Evaluasi Komprehensif dan Penguatan Verifikasi Anggaran
DPRD berharap agar Pemkot Makassar melakukan evaluasi menyeluruh terhadap seluruh OPD yang menunjukkan indikasi ketidakmampuan dalam mengeksekusi anggaran secara maksimal. Evaluasi ini tidak boleh bersifat superfisial, melainkan harus menggali akar permasalahan yang menyebabkan rendahnya serapan anggaran di OPD-OPD tertentu.
Hartono juga meminta Tim Anggaran Pemerintah Daerah (TAPD) untuk memperketat mekanisme verifikasi anggaran dalam proses perencanaan. Verifikasi yang lebih ketat akan memastikan bahwa hanya program-program yang benar-benar siap dan dapat dijalankan yang masuk dalam dokumen perencanaan anggaran tahun-tahun mendatang. Dengan cara ini, Pemkot dapat menghindari terulangnya situasi dimana anggaran dialokasikan untuk program yang pada akhirnya tidak dapat dieksekusi dengan baik.
Penguatan verifikasi anggaran juga perlu melibatkan assessment yang lebih mendalam terhadap kesiapan teknis OPD, persiapan dokumen dan perizinan yang diperlukan, serta koordinasi antar OPD yang terlibat dalam suatu program terintegrasi. Dengan mekanisme verifikasi yang lebih solid, peluang terjadinya SILPA yang tinggi dapat diminimalkan.
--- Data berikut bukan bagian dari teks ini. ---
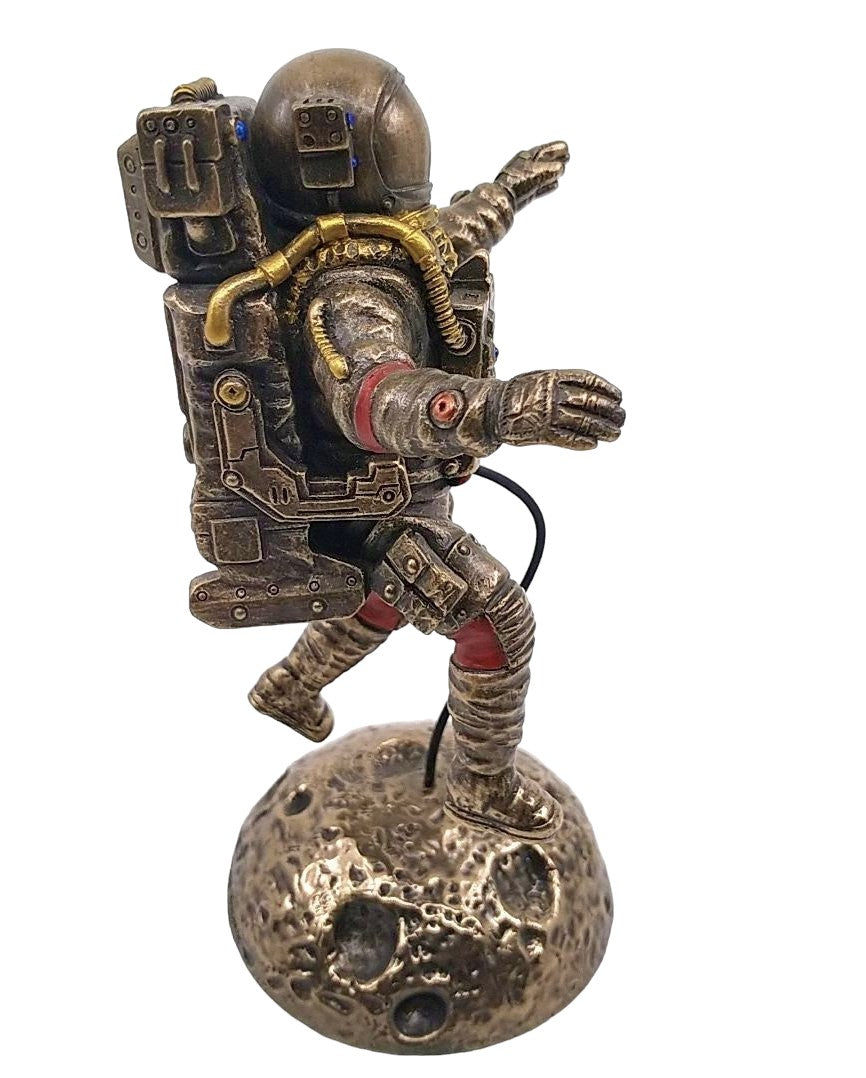 Uçan Astronot Dekoratif Biblo Cold Cast Resin El Boyaması 15,5 cm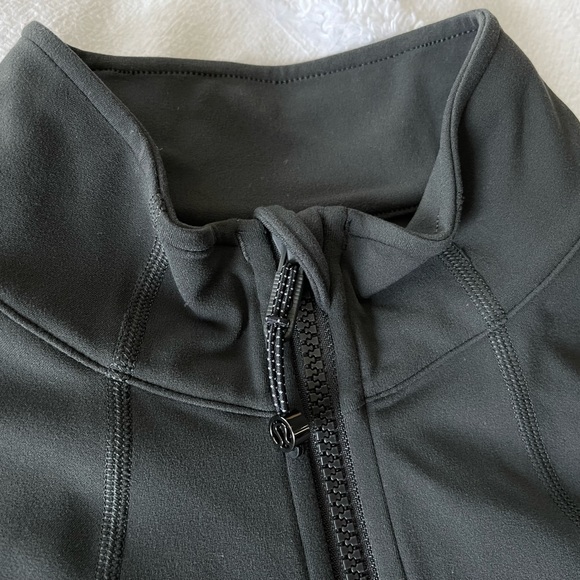 Lululemon shape jacket size 10 - Picture 3 of 4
Harapan DPRD adalah agar dalam penyusunan APBD tahun-tahun berikutnya, terutama dalam perencanaan anggaran 2026, Pemkot Makassar dan TAPD dapat mengaplikasikan pembelajaran dari pengalaman SILPA tinggi ini untuk menghasilkan alokasi anggaran yang lebih realistis, tepat sasaran, dan dapat terserap secara optimal untuk memberikan manfaat maksimal kepada masyarakat Kota Makassar.